High-Resolution Electron Microscopy

About this book

This new fourth edition of the standard text on atomic-resolution transmission electron microscopy (TEM) retains previous material on the fundamentals of electron optics and aberration correction, linear imaging theory (including wave aberrations to fifth order) with partial coherence, and multiple-scattering theory. Also preserved are updated earlier sections on practical methods, with detailed step-by-step accounts of the procedures needed to obtain the highest quality images of atoms and molecules using a modern TEM or STEM electron microscope.

Applications sections have been updated – these include the semiconductor industry, superconductor research, solid state chemistry and nanoscience, and metallurgy, mineralogy, condensed matter physics, materials science and material on cryo-electron microscopy for structural biology.

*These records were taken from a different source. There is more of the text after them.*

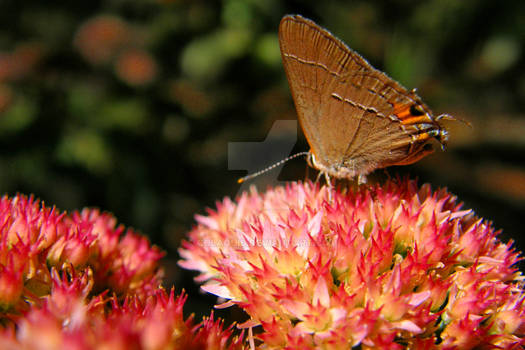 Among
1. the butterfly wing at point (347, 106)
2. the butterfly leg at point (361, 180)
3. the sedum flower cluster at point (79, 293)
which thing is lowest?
the sedum flower cluster at point (79, 293)

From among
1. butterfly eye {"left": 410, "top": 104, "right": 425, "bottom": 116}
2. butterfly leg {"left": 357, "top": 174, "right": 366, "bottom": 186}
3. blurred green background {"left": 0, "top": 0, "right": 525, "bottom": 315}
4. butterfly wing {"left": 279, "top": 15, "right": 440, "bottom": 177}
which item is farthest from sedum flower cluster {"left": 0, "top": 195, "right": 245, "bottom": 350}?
blurred green background {"left": 0, "top": 0, "right": 525, "bottom": 315}

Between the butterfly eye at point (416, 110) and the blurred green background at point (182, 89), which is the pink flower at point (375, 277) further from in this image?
the blurred green background at point (182, 89)

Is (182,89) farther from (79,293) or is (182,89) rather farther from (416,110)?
(79,293)

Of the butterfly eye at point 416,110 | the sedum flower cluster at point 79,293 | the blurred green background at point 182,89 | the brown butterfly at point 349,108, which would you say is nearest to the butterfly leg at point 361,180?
the brown butterfly at point 349,108

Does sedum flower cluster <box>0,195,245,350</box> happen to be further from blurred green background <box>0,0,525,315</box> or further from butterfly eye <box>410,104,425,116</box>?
blurred green background <box>0,0,525,315</box>

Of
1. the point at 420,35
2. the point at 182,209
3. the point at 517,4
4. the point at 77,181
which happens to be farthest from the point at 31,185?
the point at 517,4

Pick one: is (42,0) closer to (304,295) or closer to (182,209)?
(182,209)

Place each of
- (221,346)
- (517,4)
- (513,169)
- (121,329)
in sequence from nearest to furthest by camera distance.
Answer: (121,329)
(221,346)
(517,4)
(513,169) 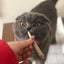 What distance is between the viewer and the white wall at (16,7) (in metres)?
0.72

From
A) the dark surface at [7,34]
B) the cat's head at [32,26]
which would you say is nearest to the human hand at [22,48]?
the cat's head at [32,26]

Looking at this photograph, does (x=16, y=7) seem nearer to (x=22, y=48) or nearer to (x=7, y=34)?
(x=7, y=34)

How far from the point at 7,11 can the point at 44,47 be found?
364mm

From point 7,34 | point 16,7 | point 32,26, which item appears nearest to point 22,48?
point 32,26

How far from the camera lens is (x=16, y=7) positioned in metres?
0.76

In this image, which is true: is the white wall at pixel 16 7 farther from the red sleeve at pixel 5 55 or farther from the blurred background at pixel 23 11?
the red sleeve at pixel 5 55

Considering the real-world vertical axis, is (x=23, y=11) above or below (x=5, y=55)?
above

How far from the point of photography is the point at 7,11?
0.78m

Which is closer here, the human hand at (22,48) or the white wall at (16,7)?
the human hand at (22,48)

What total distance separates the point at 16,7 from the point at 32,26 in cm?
32

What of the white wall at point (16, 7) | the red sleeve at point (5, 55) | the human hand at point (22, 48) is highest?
the white wall at point (16, 7)

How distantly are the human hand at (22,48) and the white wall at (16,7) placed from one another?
297 mm

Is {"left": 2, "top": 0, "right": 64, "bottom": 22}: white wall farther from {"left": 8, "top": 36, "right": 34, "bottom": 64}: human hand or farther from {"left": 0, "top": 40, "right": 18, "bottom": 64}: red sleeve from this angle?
{"left": 0, "top": 40, "right": 18, "bottom": 64}: red sleeve

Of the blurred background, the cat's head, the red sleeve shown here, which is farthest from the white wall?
the red sleeve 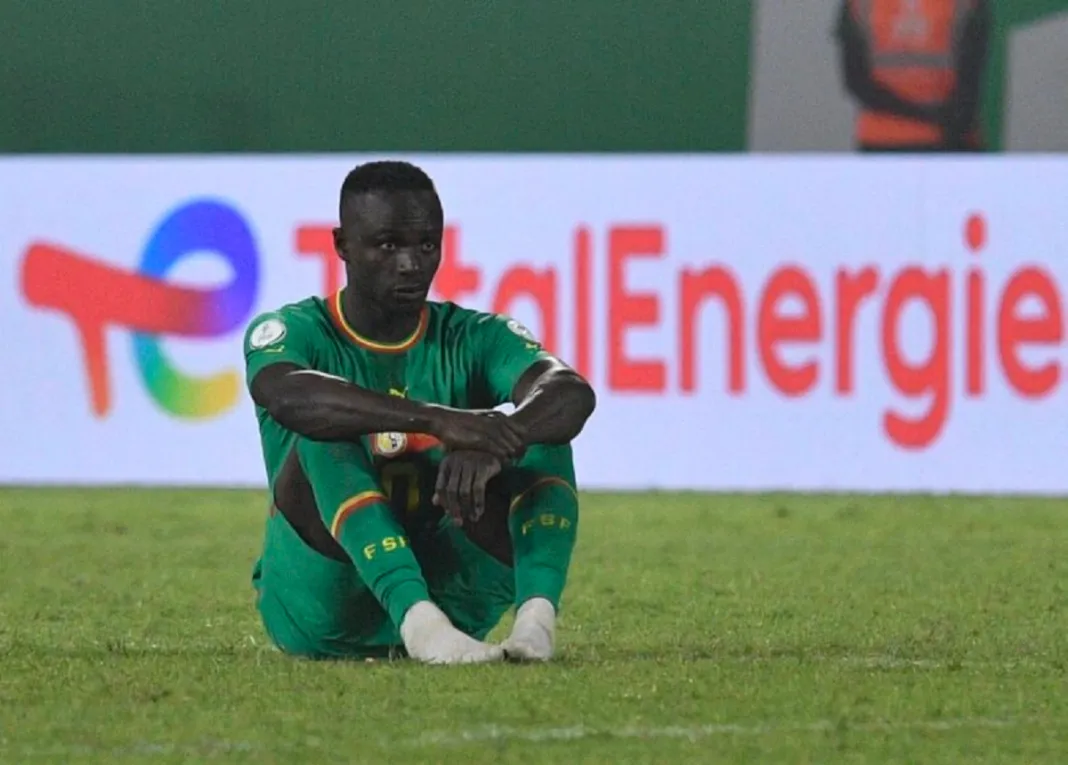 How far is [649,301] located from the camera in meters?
10.8

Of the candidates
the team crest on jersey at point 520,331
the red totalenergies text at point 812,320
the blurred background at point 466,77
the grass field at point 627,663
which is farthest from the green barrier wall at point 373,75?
the team crest on jersey at point 520,331

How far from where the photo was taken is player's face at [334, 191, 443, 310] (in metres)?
5.21

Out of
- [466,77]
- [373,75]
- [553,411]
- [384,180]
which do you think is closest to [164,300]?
[373,75]

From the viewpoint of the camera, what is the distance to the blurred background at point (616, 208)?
10703 millimetres

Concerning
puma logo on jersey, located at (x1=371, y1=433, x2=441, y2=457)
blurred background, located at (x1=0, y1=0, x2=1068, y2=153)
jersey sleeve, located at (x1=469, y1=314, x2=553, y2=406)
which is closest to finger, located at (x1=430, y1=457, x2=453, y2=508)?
puma logo on jersey, located at (x1=371, y1=433, x2=441, y2=457)

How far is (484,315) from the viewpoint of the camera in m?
5.47

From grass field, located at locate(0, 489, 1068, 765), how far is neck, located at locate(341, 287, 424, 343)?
69cm

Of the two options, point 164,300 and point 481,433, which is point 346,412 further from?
point 164,300

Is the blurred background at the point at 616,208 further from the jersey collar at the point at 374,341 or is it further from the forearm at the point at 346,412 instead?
the forearm at the point at 346,412

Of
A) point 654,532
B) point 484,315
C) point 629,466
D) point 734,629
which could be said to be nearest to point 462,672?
point 484,315

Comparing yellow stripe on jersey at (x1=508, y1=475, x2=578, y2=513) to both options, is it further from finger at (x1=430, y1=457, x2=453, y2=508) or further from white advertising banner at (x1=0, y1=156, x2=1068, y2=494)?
white advertising banner at (x1=0, y1=156, x2=1068, y2=494)

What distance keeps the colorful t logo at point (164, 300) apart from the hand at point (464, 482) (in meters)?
6.06

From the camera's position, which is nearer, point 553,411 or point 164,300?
point 553,411

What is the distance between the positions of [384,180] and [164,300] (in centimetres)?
590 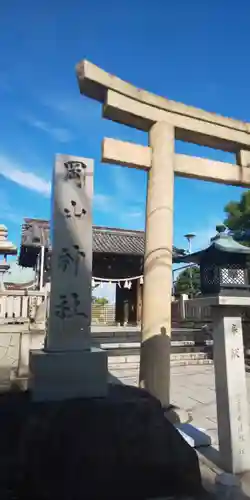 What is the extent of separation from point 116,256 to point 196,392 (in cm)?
1291

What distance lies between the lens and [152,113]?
17.6 ft

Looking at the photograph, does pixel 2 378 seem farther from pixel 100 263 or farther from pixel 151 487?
pixel 100 263

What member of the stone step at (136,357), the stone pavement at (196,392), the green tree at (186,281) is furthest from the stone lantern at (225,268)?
the green tree at (186,281)

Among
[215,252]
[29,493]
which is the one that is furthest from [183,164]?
[29,493]

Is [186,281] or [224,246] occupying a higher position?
[186,281]

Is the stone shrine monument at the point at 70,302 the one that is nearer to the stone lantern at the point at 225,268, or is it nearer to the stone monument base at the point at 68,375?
the stone monument base at the point at 68,375

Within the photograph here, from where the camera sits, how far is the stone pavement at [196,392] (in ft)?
16.6

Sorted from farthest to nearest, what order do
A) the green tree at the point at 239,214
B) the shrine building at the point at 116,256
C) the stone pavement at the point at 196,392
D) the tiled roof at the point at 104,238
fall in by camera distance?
the shrine building at the point at 116,256, the tiled roof at the point at 104,238, the green tree at the point at 239,214, the stone pavement at the point at 196,392

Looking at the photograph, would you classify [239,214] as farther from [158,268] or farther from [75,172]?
[75,172]

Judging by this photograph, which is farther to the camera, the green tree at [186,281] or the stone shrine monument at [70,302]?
the green tree at [186,281]

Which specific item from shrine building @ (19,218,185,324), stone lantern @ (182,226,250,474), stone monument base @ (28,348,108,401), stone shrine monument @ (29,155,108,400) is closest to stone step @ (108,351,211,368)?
stone shrine monument @ (29,155,108,400)

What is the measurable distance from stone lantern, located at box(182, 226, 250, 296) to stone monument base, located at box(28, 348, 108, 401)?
4.91ft

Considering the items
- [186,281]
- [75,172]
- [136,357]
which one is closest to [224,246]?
[75,172]

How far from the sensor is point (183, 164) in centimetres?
561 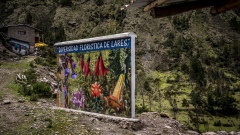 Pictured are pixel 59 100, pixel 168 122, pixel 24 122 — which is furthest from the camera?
pixel 59 100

New or expanded sections have been added on electron holography, aberration correction, field-emission guns, imaging filters, super-resolution methods, Ptychography, Ronchigrams, tomography, image quantification and simulation, radiation damage, the measurement of electron-optical parameters, and detectors (CCD cameras, Image plates and direct-injection solid state detectors). The theory of Scanning transmission electron microscopy (STEM) and Z-contrast are treated comprehensively. Chapters are devoted to associated techniques, such as energy-loss spectroscopy, Alchemi, nanodiffraction, environmental TEM, twisty beams for magnetic imaging, and cathodoluminescence. Sources of software for image interpretation and electron-optical design are given.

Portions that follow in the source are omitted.